A second cultural challenge is how to maintain equity, fairness and decency across an even larger religious swath. That said, most legal experts maintain that we already have in hand the necessary legal principles to adjudicate our increasing religious diversity. Finally, many conjure a frayed moral order in America as it becomes less Christian.

For their part, most American Christians have had at best, Wuthnow’s data show, minimal and superficial contacts with non-Christian Americans. The few congregations that offer courses on non-Christian religions or have interreligious contacts keep encounters superficial and largely ceremonial. Almost all members of the clergy are at a loss to advise spouses (even to the modest point of recommending something coherent to read) in the increasingly growing number of interreligious marriages. Couples in such marriages are forced to negotiate, by themselves, their own blended religious spiritualities. Instead of any truly coherent theological account of the non-Christian religions, American Christians tend to think of non-Christian religions as some kind of ethnic custom, let individuals make their own choices about interreligious contact and emphasize the exotic qualities of other religions. The preferred strategies of the Christians, Wuthnow’s survey data show, for dealing with non-Christian religions in their midst involve avoidance, some denial of the extent of the diversity or living in separate enclaves. They privilege practice over belief or, in a pregnant phrase, prefer “getting along” to truly “getting acquainted.” In the end, most Christians allow our civic cultural values (individualism, compromise, the separation of the public sphere from privatized religious practices) to adjudicate the new diversity. These strategies, however, run the long-term risk that Christianity itself will come to be seen, increasingly, as simply one cultural tradition among many.

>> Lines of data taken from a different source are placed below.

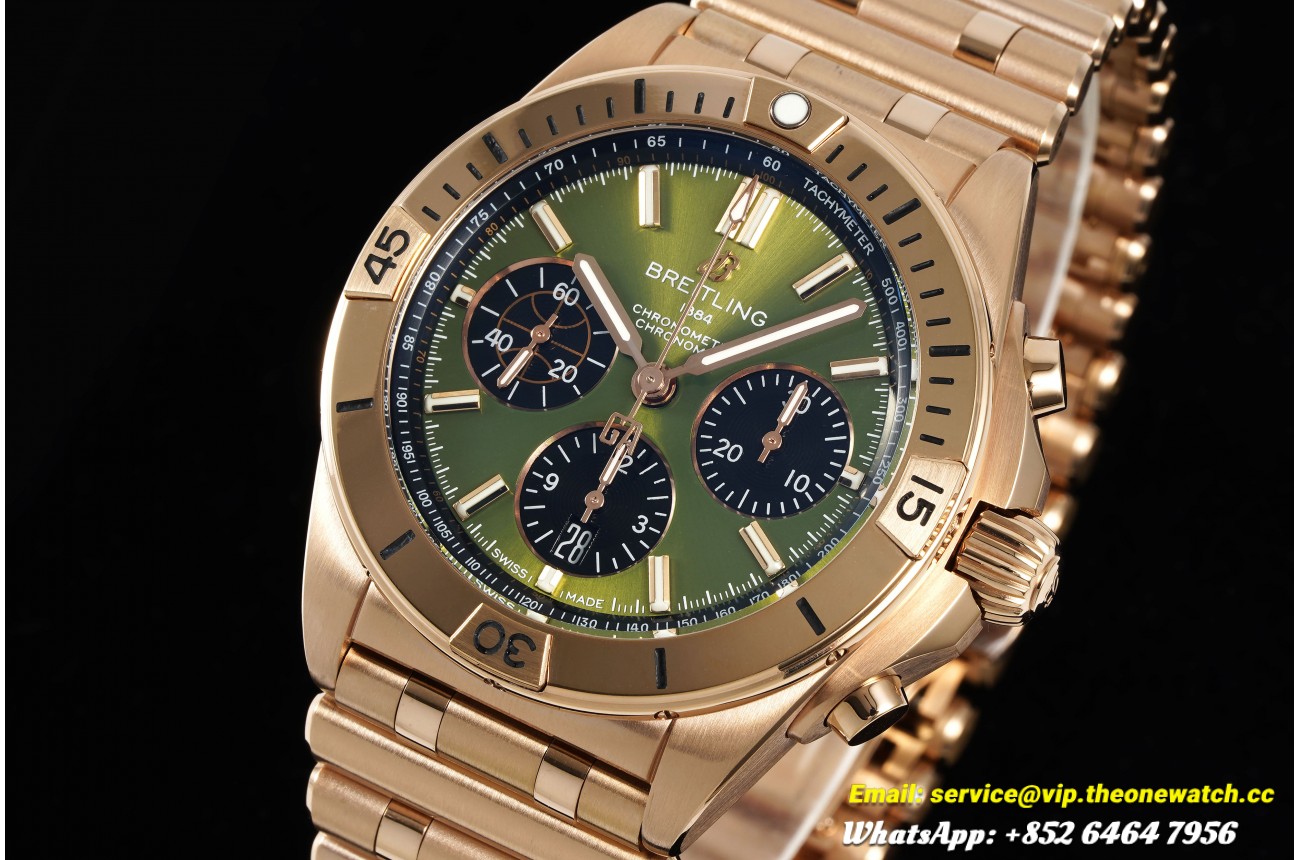 Chronomat B01 42MM RG/RG Green/Stk BLF A7750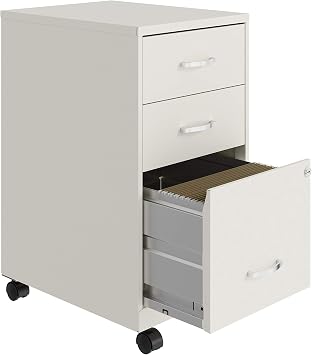 Space Solutions 3 Drawer Metal Mobile File Cabinet with Lock, Letter Size, White, Fully Assembled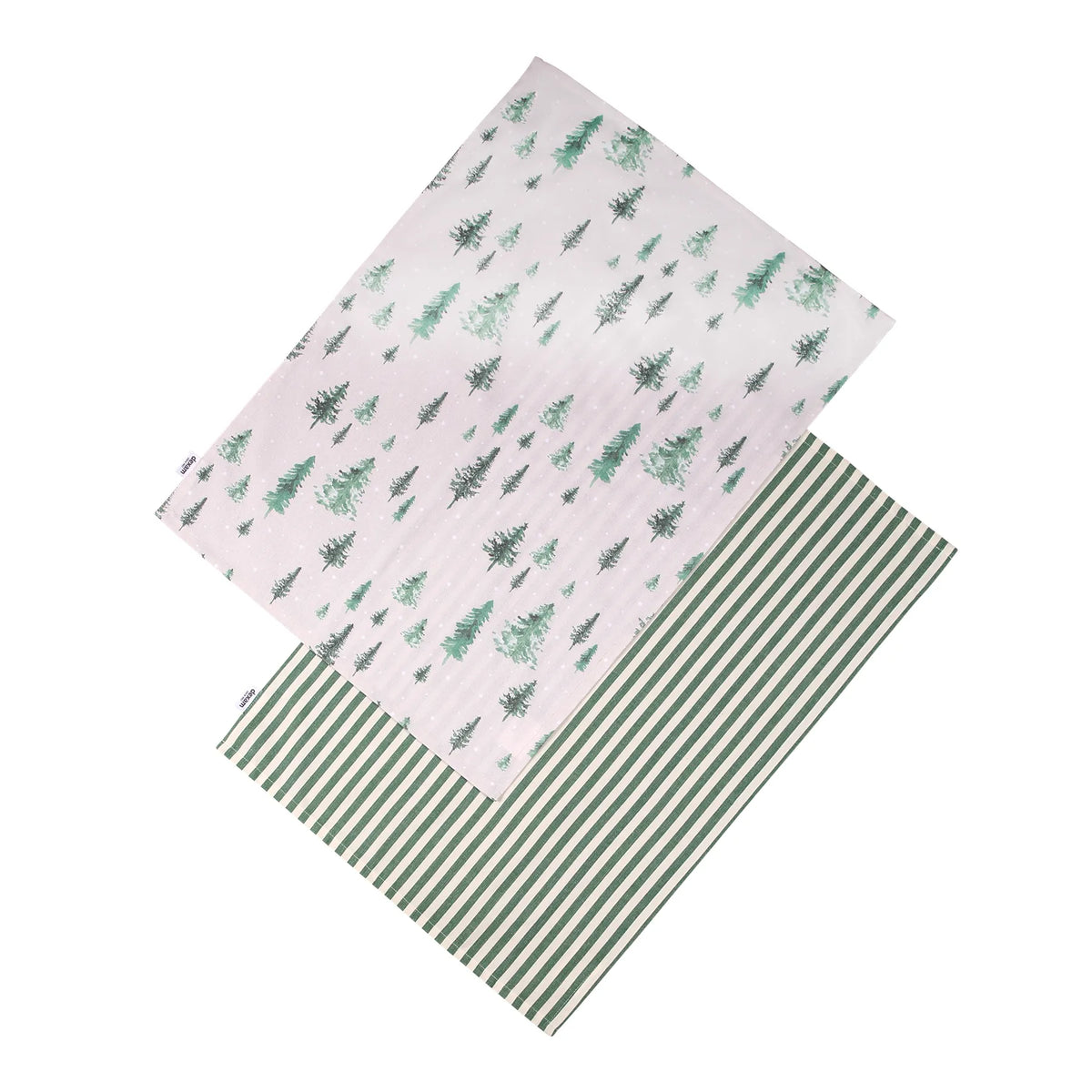 Winter Forest Set of 2 Tea Towels - Stone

Wuthnow contrasts three kinds of American Christians and their attitudes toward religious diversity: spiritual shoppers (roughly 31 percent of the national sample); inclusive Christians (23 percent of the public); exclusive Christians (34 percent of respondents). The categories derive from answers to a host of questions concerning the truth about God to be found in religions other than Christianity; the possibility of revelation in books other than the Bible; whether Christians believe pretty much the same as Buddhists, Moslems, Hindus, Jews; and the normative role of Jesus for salvation. It turns out that differing beliefs about these questions have close correlations with attitudes toward religious diversity as such, toward immigrants, toward the rights of non-Christian religious adherents and about what kind of society America is or should be (How Christian? How secular? How reflectively pluralistic?). None of the actual, if implicit, scripts about religious diversity in these three groups show much coherence, either as a cultural strategy or a theological stance. Each lacks a consistent theory and practice for religious diversity.

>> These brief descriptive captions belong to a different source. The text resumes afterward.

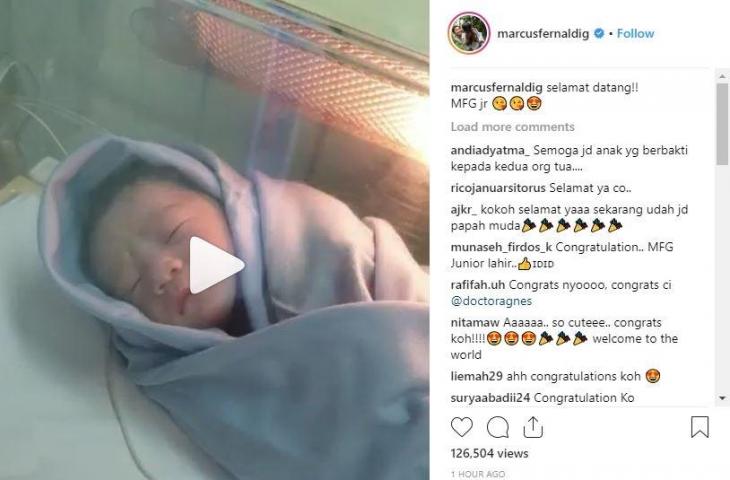 Marcus Fernaldi Gideon baru saja dikarunia anak pertama. (Instagram/marcusfernaldig)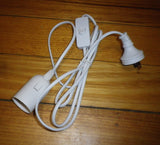 White 1.8mtr Lamp Mains Cord & Plug with Inline Switch & ES Socket - Part # X0010IDLNJ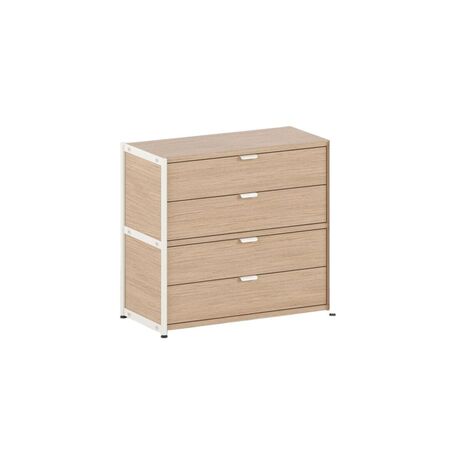 TIPTOE Regal Unit 2 80 cm von Tiptoe 2 Schubladen , H: 75 cm, Cream White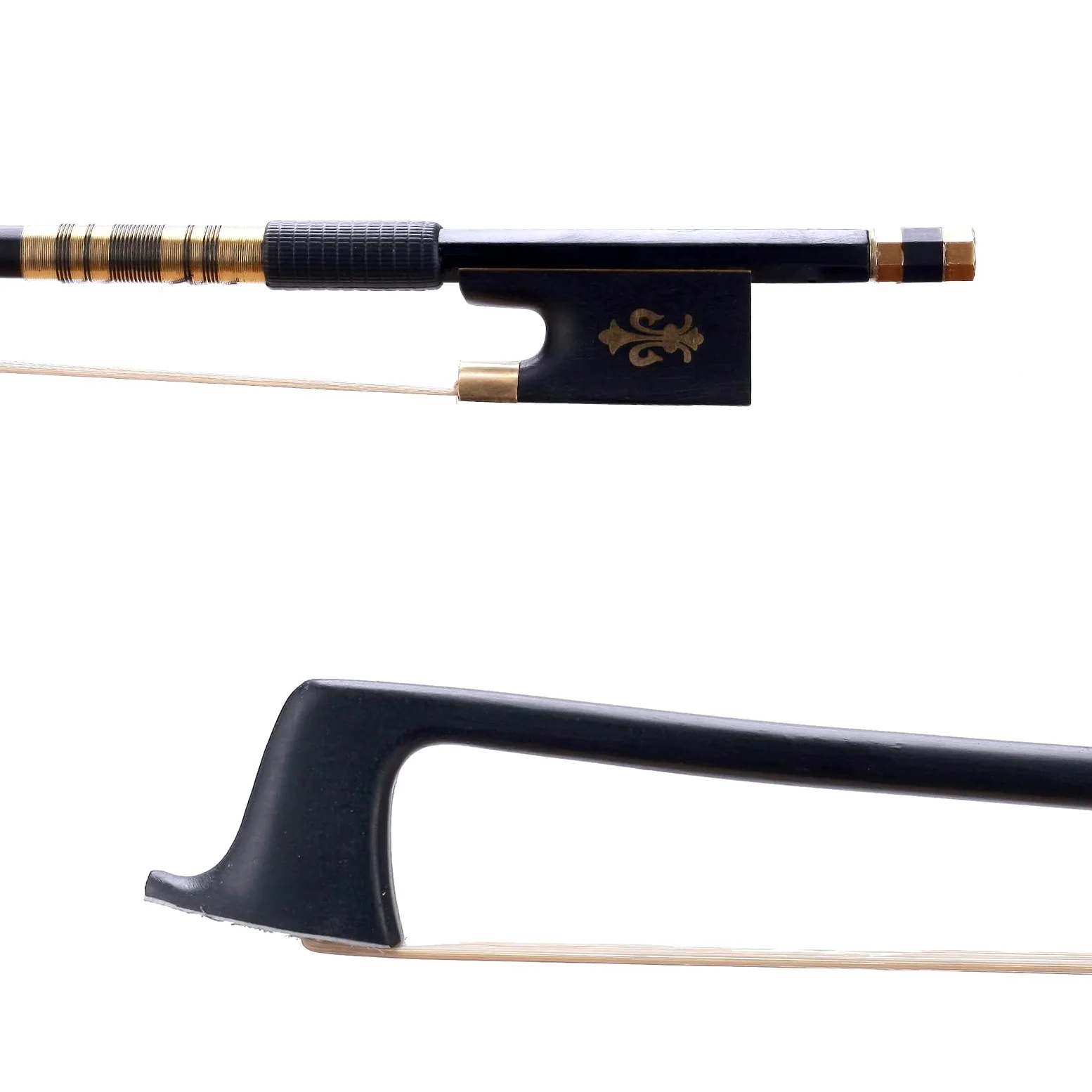 4/4 Professional Violino ad arco in fibra di carbonio - Arco da orchestra a grandezza naturale con pelo di crine mongolo e design Fleur-de-Lis, di livello professionale a bassa manutenzione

We are more diverse but not necessarily more pluralistic. Nor is mere tolerance the same as a reflective pluralism. Genuine pluralism entails how we think about diversity, how we respond to it and whether we embrace it, ignore it or merely cope with it. Religious and cultural pluralism is never easy to negotiate. Wuthnow contends that older strategies of dealing with religious diversity (in the end, all religions are basically the same; non-Christian religions are degenerate idol worship; conversion is the preferred route to reduce diversity; religion is simply a matter of individual preferences and taste; treat diversity only pragmatically and in secular interactions) will not do.

This is a supple, nuanced and thoughtful book, among Wuthnow’s best. Its greatest merit is to challenge us to greater reflectivity and mindfulness about the cultural and religious significance of genuine religious diversity.